Nashville Housing Data Cleaning Script

This script cleans the Nashville Housing data set by performing the following tasks:

  1. Standardizes the date format of the SaleDate column.
  2. Populates the PropertyAddress column with data from the OwnerAddress column where PropertyAddress is null.
  3. Breaks out the PropertyAddress column into three separate columns: PropertySplitAddress, PropertySplitCity, and PropertySplitState.
  4. Breaks out the OwnerAddress column into three separate columns: OwnerSplitAddress, OwnerSplitCity, and OwnerSplitState.
  5. Changes the values in the SoldAsVacant column from Y and N to Yes and No.
  6. Removes duplicate rows from the data set.
  7. Deletes the OwnerAddress, TaxDistrict, and PropertyAddress columns.

The script is written in T-SQL and can be run in SQL Server Management Studio.

To Run the Script

  1. Open SQL Server Management Studio.
  2. Connect to the database that contains the NashvilleHousing table.
  3. Right-click on the NashvilleHousing table and select "Open Table".
  4. Copy and paste the script into the query window.
  5. Click the "Execute" button.

The script will run and the data set will be cleaned.

Data Cleaning Notes

  • The SaleDate column was originally in a variety of formats. The script standardizes the format to YYYY-MM-DD.
  • The PropertyAddress column was missing data for some rows. The script populates the missing data by joining the NashvilleHousing table to itself on the ParcelID column.
  • The PropertyAddress and OwnerAddress columns were both in the format Address, City, State.
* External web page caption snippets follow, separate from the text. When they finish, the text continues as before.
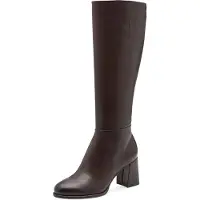 Tamaris Laarzen met hakken 25515-342 dames 40
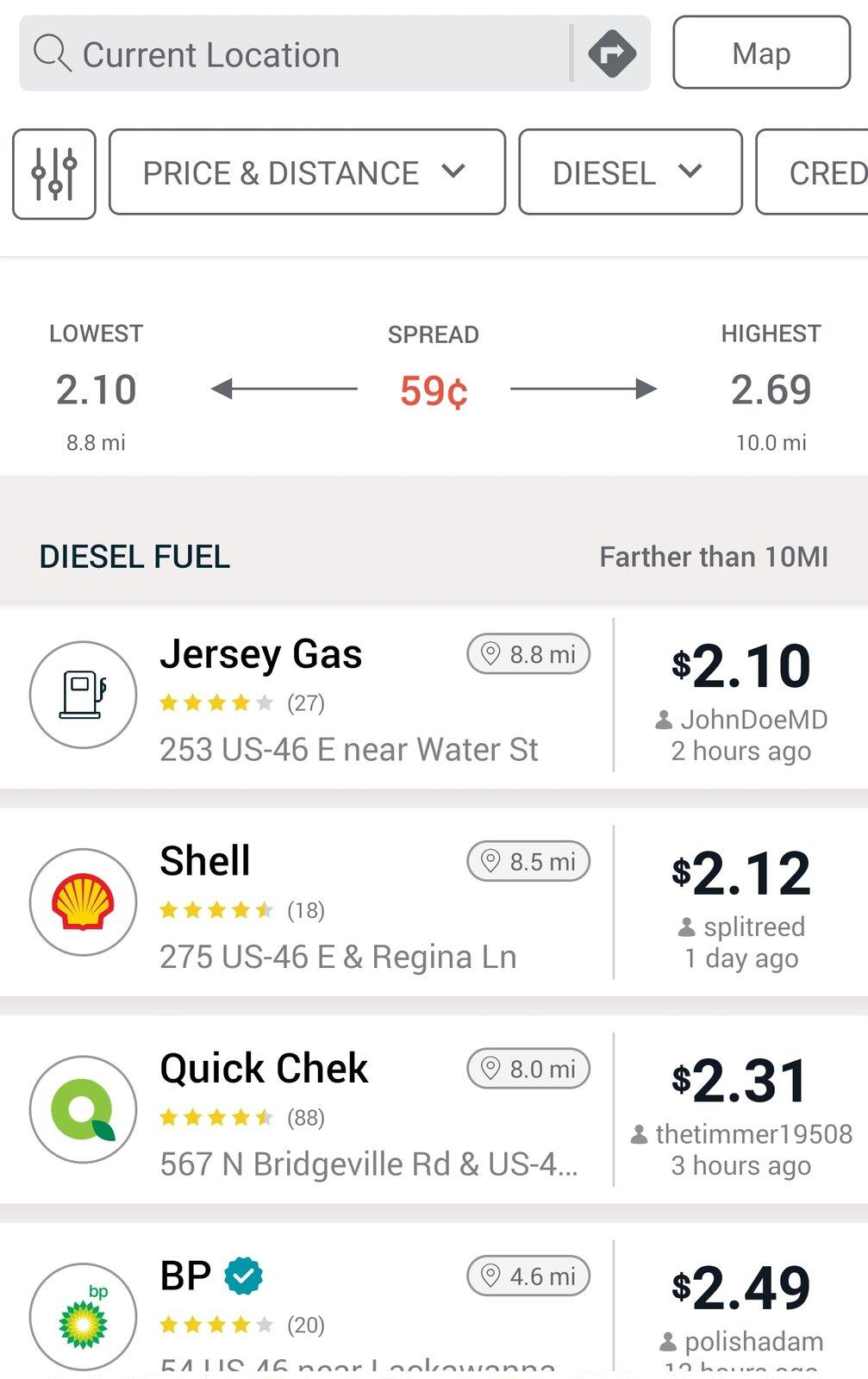 Screenshot_20200427-191640_GasBuddy.jpg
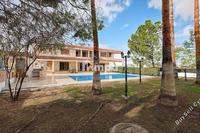 3 Bedroom Detached house in Ilioupoli (Nicosia) for sale 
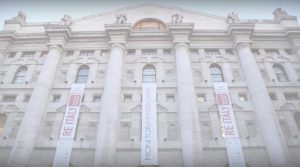 RE ITALY WINTER FORUM 2017, i video integrali: Fondi immobiliari e SIIQ, cosa riserva il futuro?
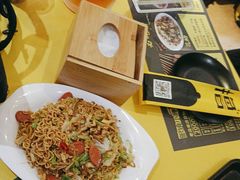 -望京小腰(北京总店)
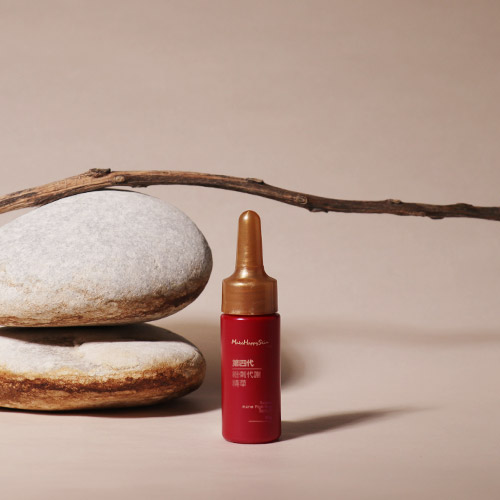 粉刺代謝精華（單入）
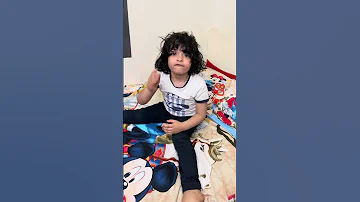 فى رمضان Comedy كوي الصور تحميل موسيقى 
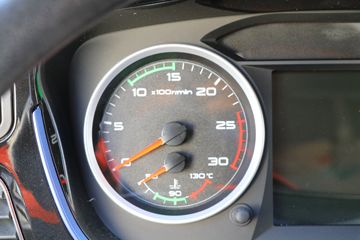 �ൺ��� ��V�ؿ� 2.0 460���� 6X4 ǣ����(����)(CA4250P1K15T1E6A80)ͼƬ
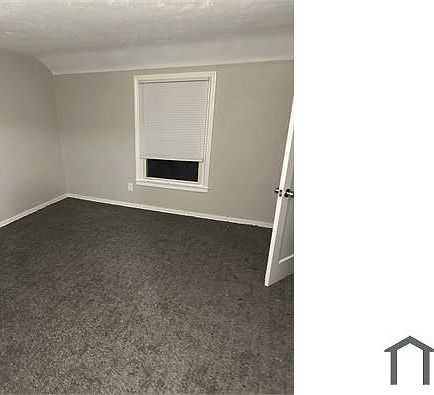 5th image of 21551 Crystal Ave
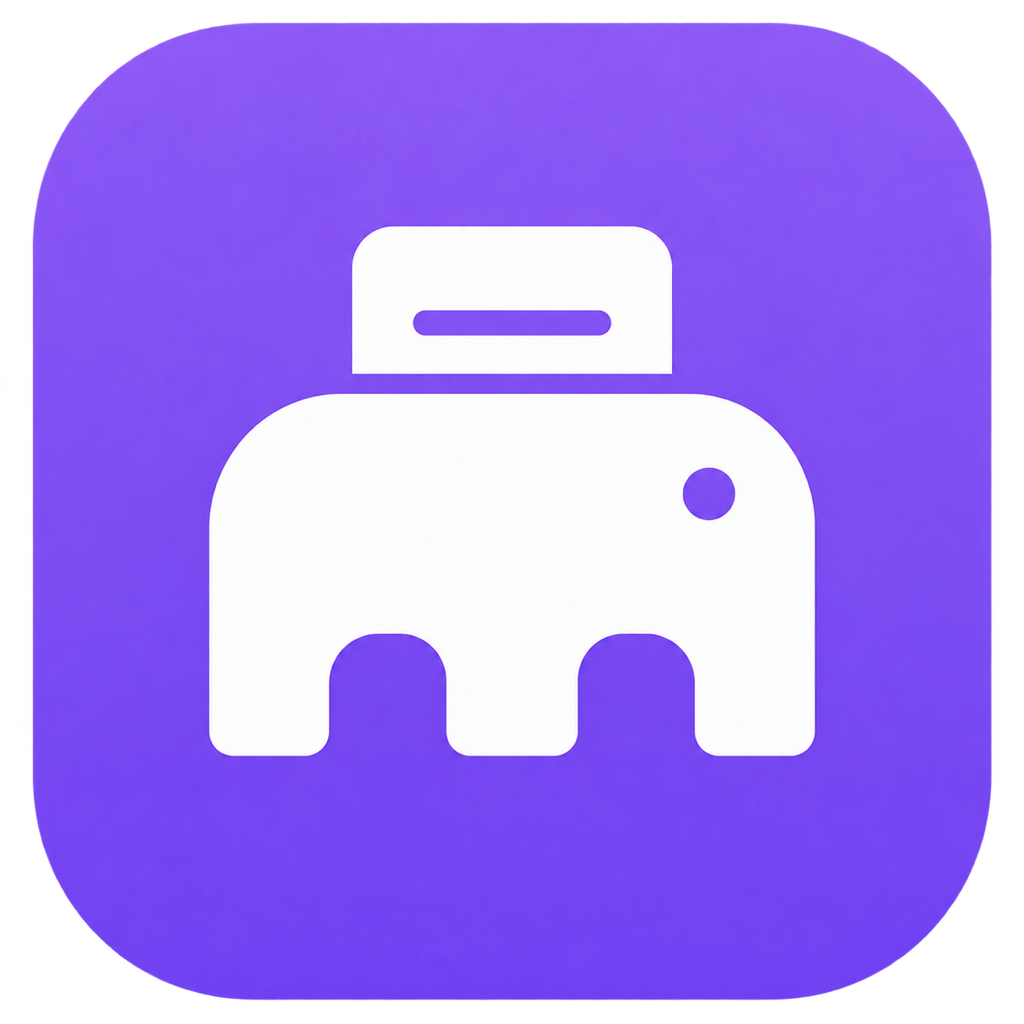 herdprint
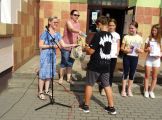 DSC03812.JPG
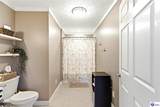 82 Dents Bridge Road - Photo 45
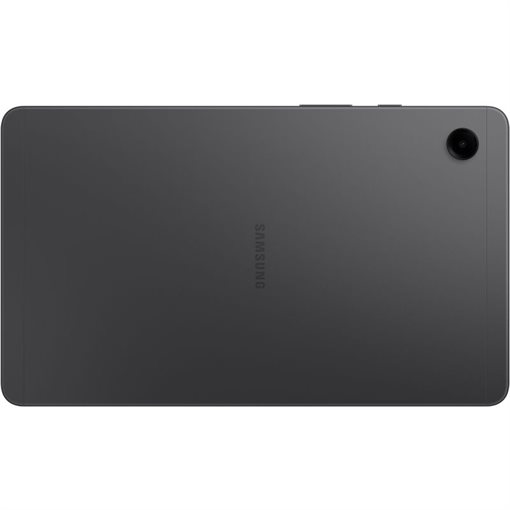 Samsung Galaxy Tab A9 8,7Zoll 8GB 128GB Graphite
The script breaks these columns out into three separate columns for each address.
  • The SoldAsVacant column originally contained the values Y and N. The script changes these values to Yes and No for consistency.
  • The script removes duplicate rows from the data set based on the ParcelID, PropertyAddress, SalePrice, SaleDate, and LegalReference columns.
  • The script deletes the OwnerAddress, TaxDistrict, and PropertyAddress columns because they are no longer needed.